I used MICE to do a multiple imputation with 50 iterations on a large dataset that had some missing. Now, I have three exclusion criteria that I need to apply to these datasets before I can do my analyses.

  1. resident=1,
  2. ages 15-49, and
  3. remove values of the variable county_fips equal to "99999."

From another forum, I have this code that works for the first step:

uhbs_clean <- with(uhbs_imp8,
             {dat <- data.frame(bfacil,hosp_ob,AgeCont,mateduc,race_hispan,urban_rural3,MARITAL,prev_children,dplural,county_fips,resident)
             dat <- dat[dat$resident==1,]})

But when I try to do that same thing for the next step (use uhbs_clean as the input dataset and change the resident==1 to AgeCont>14), I get an error that the first variable, bfacil, isn't found. I also tried to do all of the steps in one code block like this:

uhbs_clean <- with(uhbs_imp8,
             {dat <- data.frame(bfacil,hosp_ob,AgeCont,mateduc,race_hispan,urban_rural3,MARITAL,prev_children,dplural,county_fips,resident)
             dat <- dat[dat$resident==1,]
             dat <- dat[dat$Agecont>14,]
             dat <- dat[dat$Agecont<50,]
             dat <- dat[dat$county_fips!="99999",]})

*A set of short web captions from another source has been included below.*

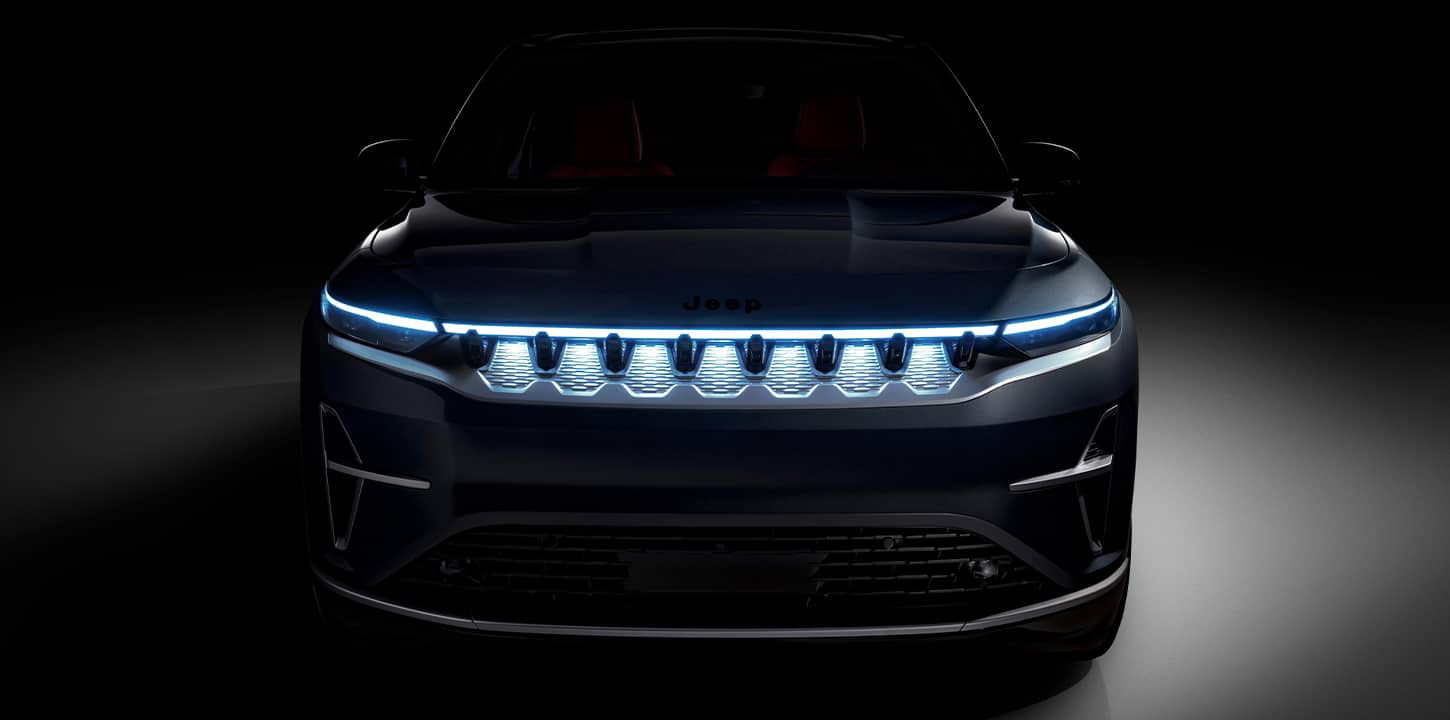 The front end of a black 2025 Jeep Wagoneer S Launch Edition with its headlamps on, parked in a darkened studio.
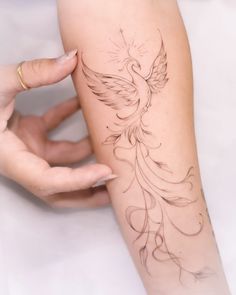 a woman's arm with a bird tattoo on it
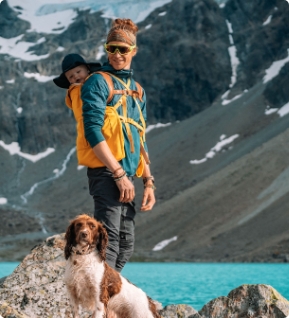 Father carrying baby on his back with dog by mountain lake, active outdoor scene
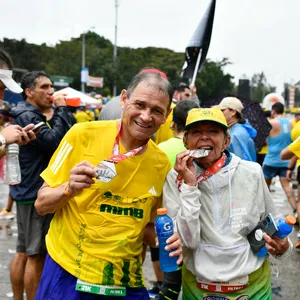 Pareja de adultos celebran mordiendo la medalla después de recorrido de 21 K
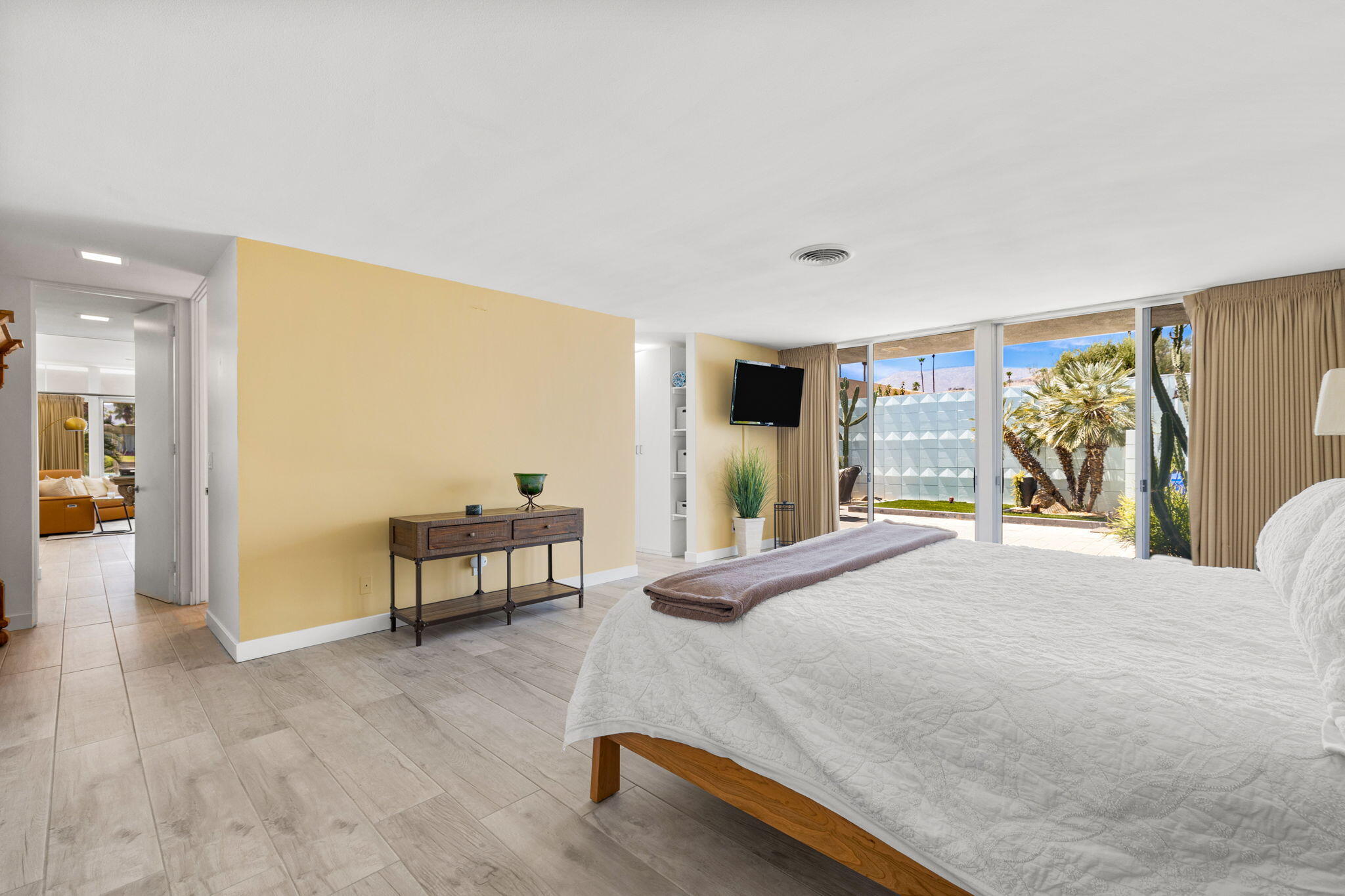 72857 El Paseo, Unit 502 Palm Desert, CA 92260 - Photo 30 of 48 a living room with furniture and a table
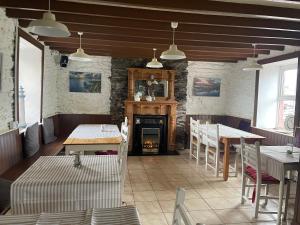 un restaurante con chimenea, mesas y sillas en The Coastguard House @ Tigh T.P. en Ballydavid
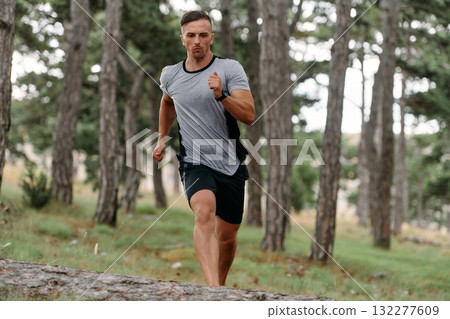 Determined Man Conquering Forest Obstacles with Grit and Speed Determined Man Conquering Forest Obstacles with Grit and Speed 132277609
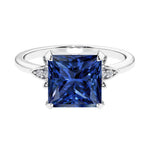 Nature inspired ringprincess cut blue sapphires and brilliant round diamonds.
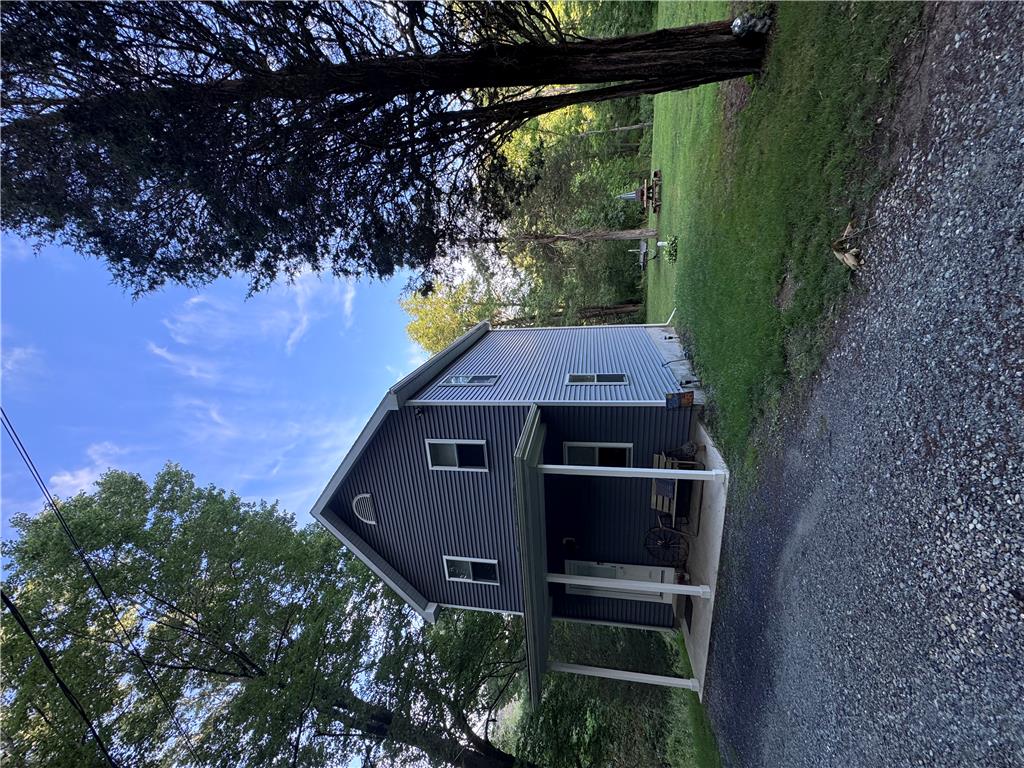 130 Hidden Spur Road Lehighton, PA 18235 - Photo 3 of 19 A charming residence with a covered front porch, set against a backdrop of mature trees and a gravel driveway.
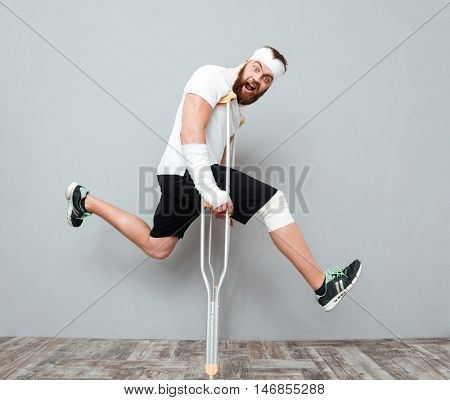 Freaky crazy young man jumping with crutches and shouting over gray background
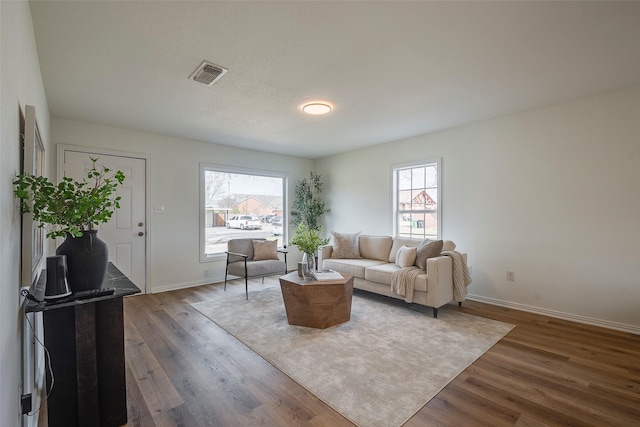 living room with baseboards, visible vents, and wood finished floors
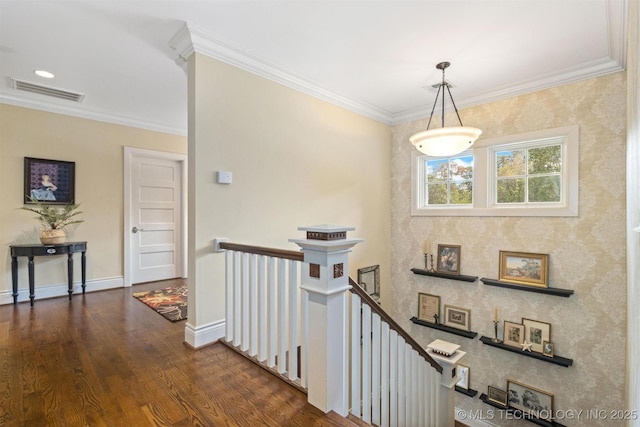 49721 E 95th Rd, Miami, OK 74354 - hallway featuring dark wood-style floors, baseboards, visible vents, ornamental molding, and an upstairs landing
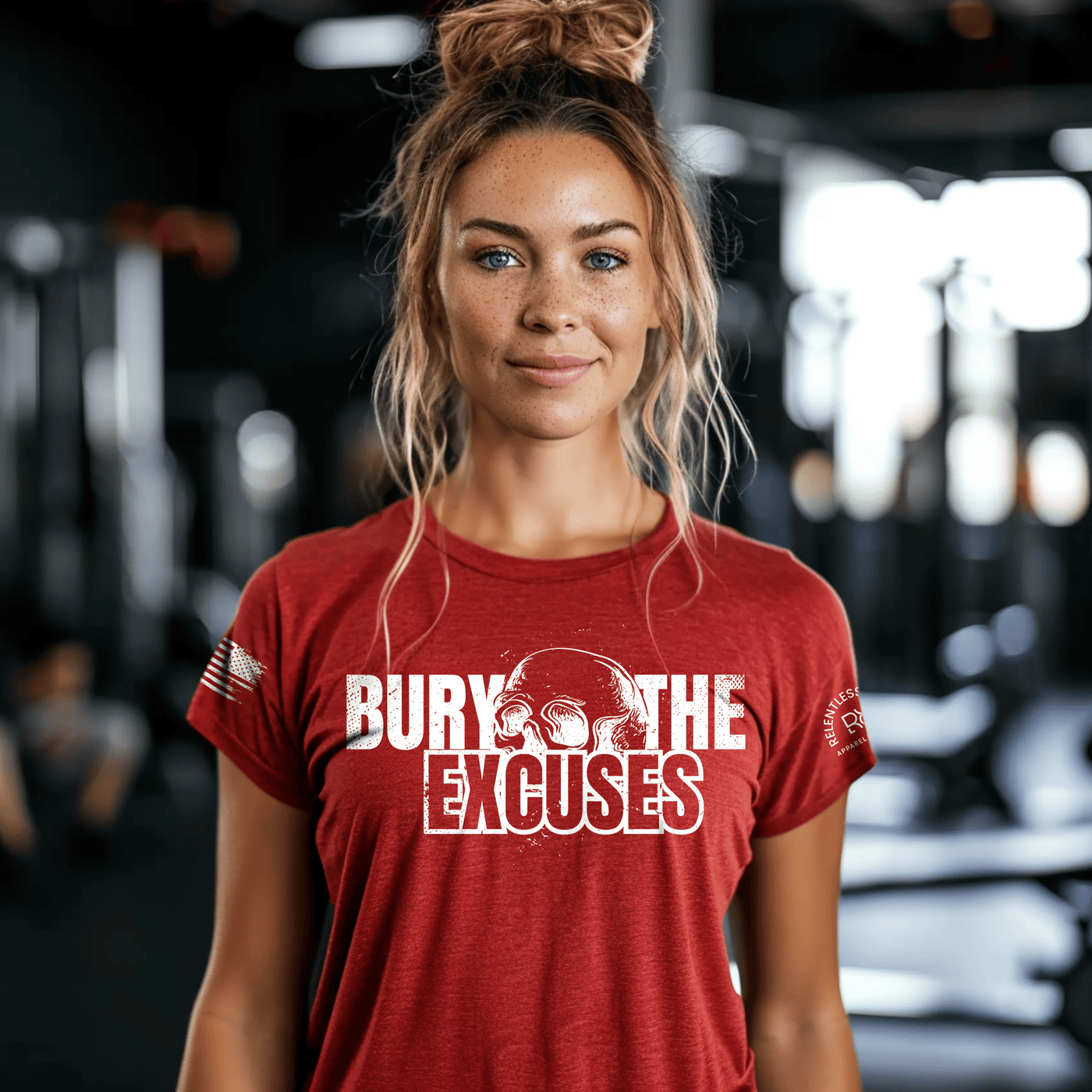 Woman wearing a red t-shirt with 'Bury The Excuses' text in a gym setting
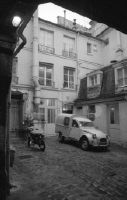 Paris, tenements, courtyard with 2CV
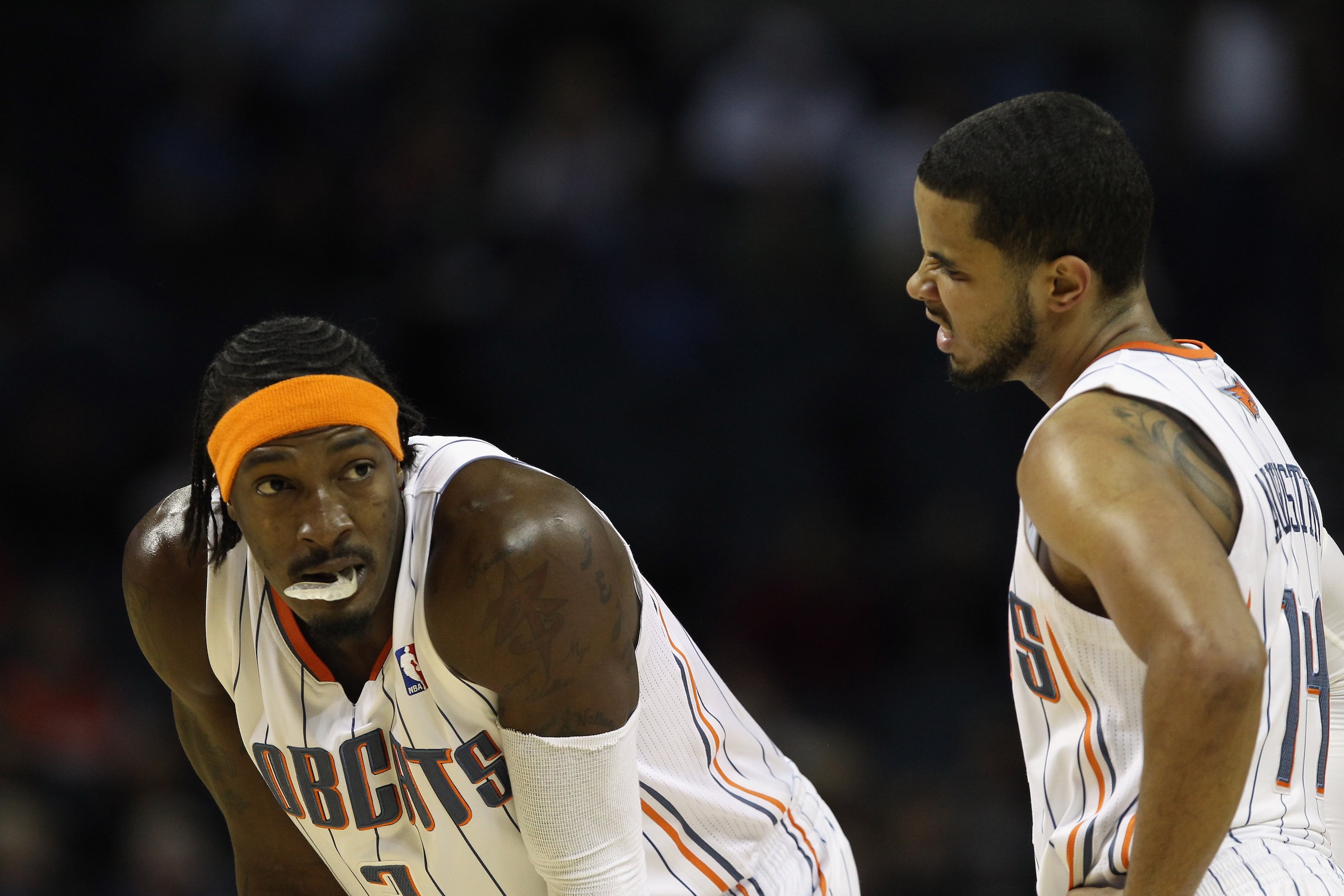 CHARLOTTE, NC - NOVEMBER 08:  Teammates Gerald Wallace #3 and D.J. Augustin #14 of the Charlotte Bobcats react as they wait during their game against the San Antonio Spurs at Time Warner Cable Arena on November 8, 2010 in Charlotte, North Carolina.  NOTE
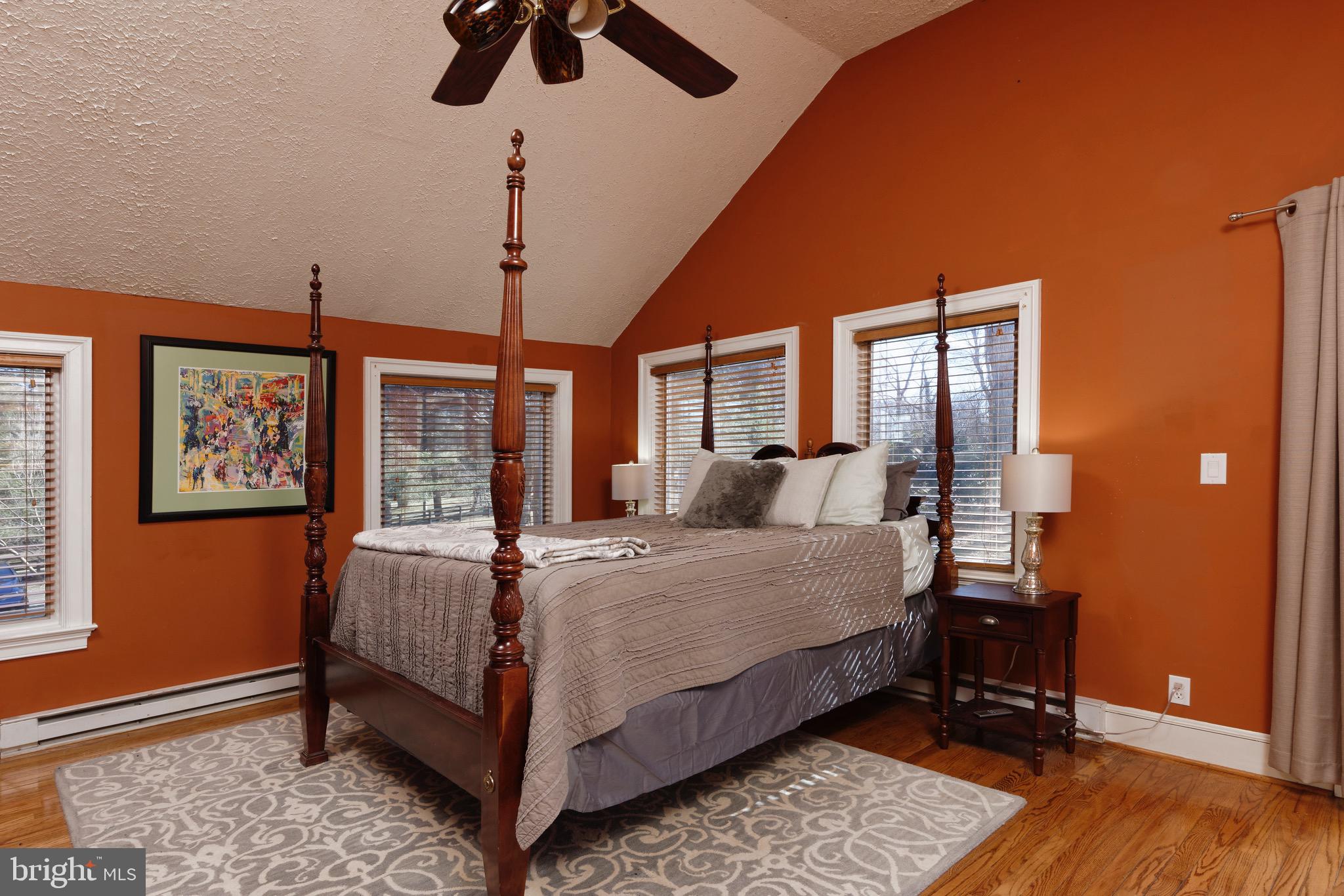 1608 Zulla Road Middleburg, VA 20117 - Photo 10 of 52 a bedroom with a bed and wooden floor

But that didn't work either, it said that the data frame had zero rows. Next, I tired just using subset:

uhbs_clean <- with(uhbs_imp8, subset(uhbs_imp8, uhbs_imp8$data$resident==1))

And that ran without errors, but didn't work because now all of the columns are gone.

R is not my first coding language so I am kind of stuck! This is also my first time posting here so if there are things I need to add please let me know. My data isn't publicly available so I don't know how to give an example. Any help would be really appreciated. Thanks.

Hi @joachimg1,

I'm not sure, if I get your issue right, but why not use the beautiful tidyverse packages or more specifically the dplyr package?

install.packages("dplyr")

Then, your code may look something like this:

library(dplyr)

uhbs_clean <- uhbs_imp8 %>%
              as.data.frame() %>%
              filter(
                     resident == 1,
                     Agecont %in% c(15, 49),
                     county_fips != "99999"
             )

I don't know what format uhbs_imp8 has, so as.data.frame may run into an error if the format is not fitting.

Yet, I hope this may help you :wink: If it dosen't, provide some error messages.